Who is Affected Right Now?

The ESST ordinances only apply when both an employer and an employee meet certain criteria.

Minneapolis employers: The Minneapolis ordinance currently applies to businesses that reside within the city of Minneapolis and have at least one employee. Small businesses with fewer than 6 employees and new businesses less than 1 year old must still provide ESST leave, but that leave can be unpaid.

St. Paul employers: The St. Paul ordinance currently applies to employers with at least 24 employees and with a physical location in St. Paul (i.e., a permanent building or structure they work out of). The ordinance doesn’t apply to employers with fewer than 24 employees until January 2018.
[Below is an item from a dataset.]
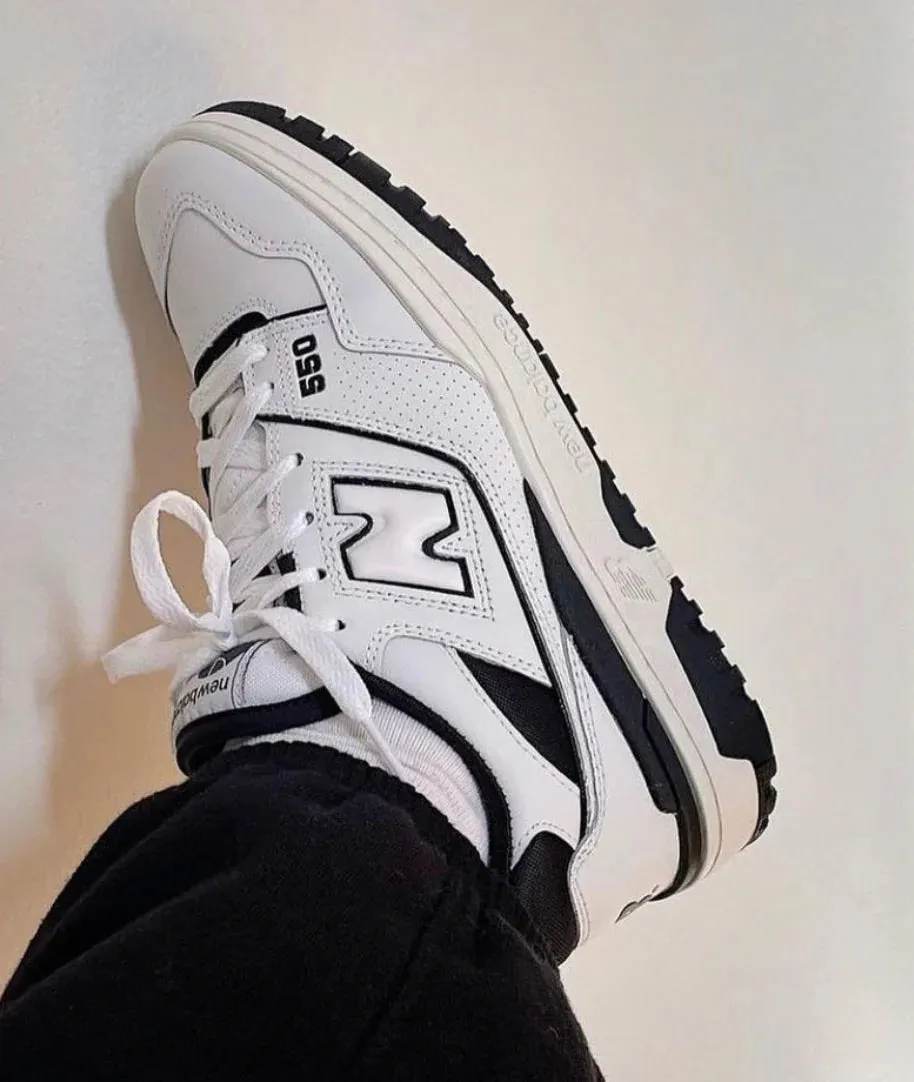 New Balance 550 White with Black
Other employers: As of July 1st, the ESST laws don’t apply to employers residing outside the city limits of St. Paul and Minneapolis. Be aware, however, that by the time you read this, changes may already be underway. Both ordinances were drafted to cover any employer who has affected employees (see below for definition), regardless of the employer’s location. The Minneapolis ordinance has been challenged in court, and a temporary court order currently prevents it from applying to non-resident employers. That order has been appealed, with a hearing date in July. If the order is lifted or the overall case is eventually resolved in favor of the city, non-Minneapolis employers with affected employees will be required to comply. St. Paul’s current enforcement guidelines restrict enforcement to match the Court’s order in the Minneapolis case. However, the St. Paul ordinance’s reach will likely expand if Minneapolis is permitted to do so.  Additionally, employers outside of Minneapolis and St. Paul may find themselves covered by other cities, such as Duluth, that are considering enacting their own ESST ordinances.
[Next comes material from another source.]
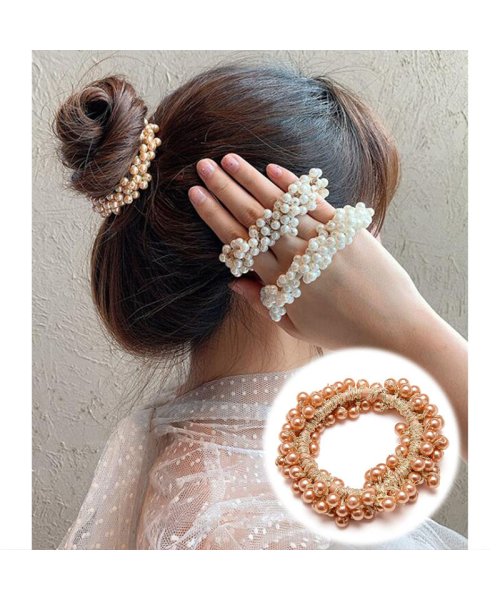 セール パールヘアゴム キラキラ ヘアアクセサリー かわいい ゴールド オシャレ 髪飾り 上品 大人っぽい 大人 上品 エレガント フェミニン シンプル ブレスレット セイヘイショップ Seiheishop Magaseek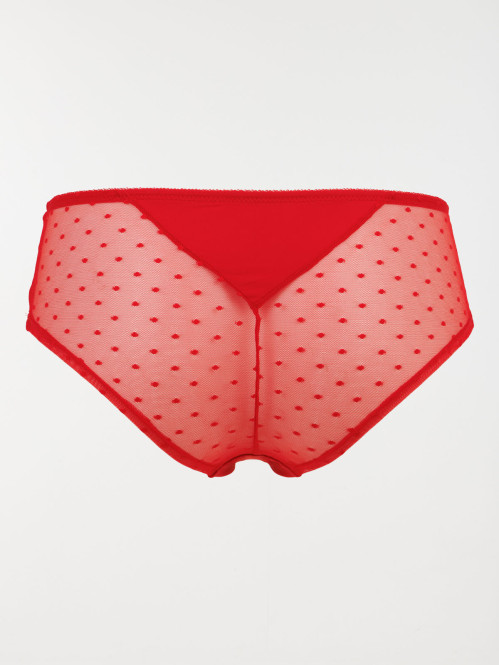 Shorty plumetis rouge fatal...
Affected Employees:  Each city’s ESST ordinance only applies to employees of an affected employer (as defined above) who work within that city’s boundaries for at least 80 hours in a calendar year.  This includes full-time, part-time, and temporary workers as long as they log at least 80 hours in the city in a year. Employees supplied by a staffing agency will generally be considered employees of the staffing agency.   Prevailing-wage employees are generally exempt from ESST. Employees who work both inside and outside the city limits only accrue ESST for hours worked within that city.

 

ESST Requirements

The ordinances require that affected employers provide affected employees with one hour of “sick and safe” leave for every 30 hours worked. Leave hours are paid at the employee’s normal hourly rate. Employees may earn up to 80 hours of leave per year, but may only use 48 per year. Unused hours carry over to the next calendar year, which is also subject to the 48-hour annual usage cap.  An employer does not need to compensate an employee for unused ESS leave after termination.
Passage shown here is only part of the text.